_TASK TO COMPLETE_
What you return should be every line below, word for word, and none of the images.

=====

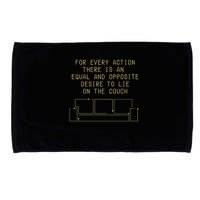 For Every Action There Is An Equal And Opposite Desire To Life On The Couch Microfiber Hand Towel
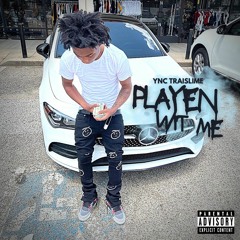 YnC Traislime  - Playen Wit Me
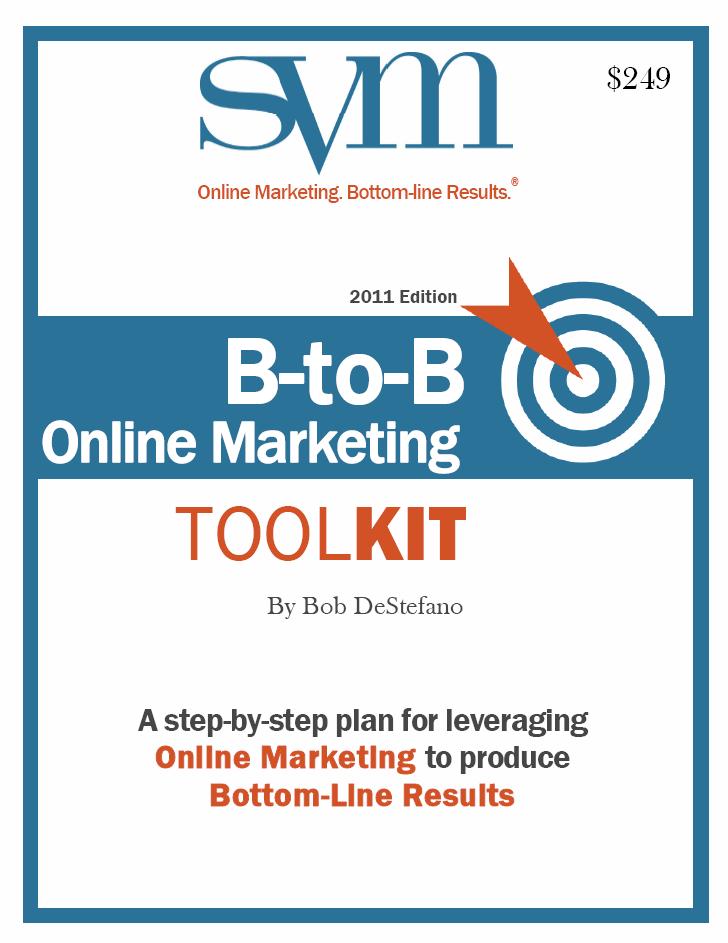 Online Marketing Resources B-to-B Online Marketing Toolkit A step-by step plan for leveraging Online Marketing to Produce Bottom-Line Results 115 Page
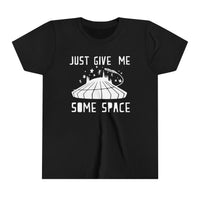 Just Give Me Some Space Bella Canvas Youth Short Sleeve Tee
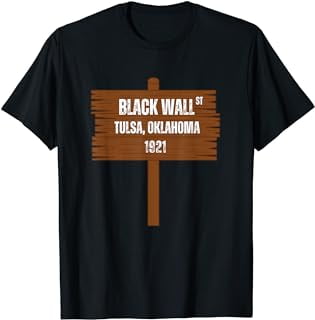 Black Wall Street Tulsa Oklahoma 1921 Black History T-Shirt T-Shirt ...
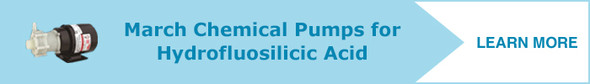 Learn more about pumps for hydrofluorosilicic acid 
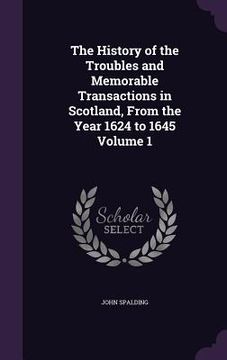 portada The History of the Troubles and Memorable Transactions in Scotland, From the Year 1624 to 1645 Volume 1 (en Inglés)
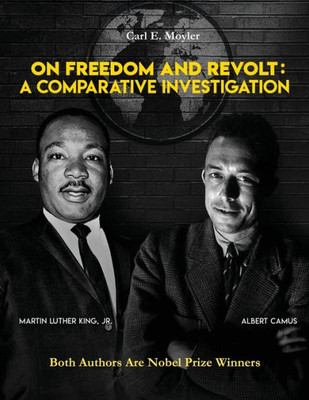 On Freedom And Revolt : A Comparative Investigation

=====

_FINAL ANSWER_
 For Every Action There Is An Equal And Opposite Desire To Life On The Couch Microfiber Hand Towel
 YnC Traislime  - Playen Wit Me
 Online Marketing Resources B-to-B Online Marketing Toolkit A step-by step plan for leveraging Online Marketing to Produce Bottom-Line Results 115 Page
 Just Give Me Some Space Bella Canvas Youth Short Sleeve Tee
 Black Wall Street Tulsa Oklahoma 1921 Black History T-Shirt T-Shirt ...
 Learn more about pumps for hydrofluorosilicic acid 
 portada The History of the Troubles and Memorable Transactions in Scotland, From the Year 1624 to 1645 Volume 1 (en Inglés)
 On Freedom And Revolt : A Comparative Investigation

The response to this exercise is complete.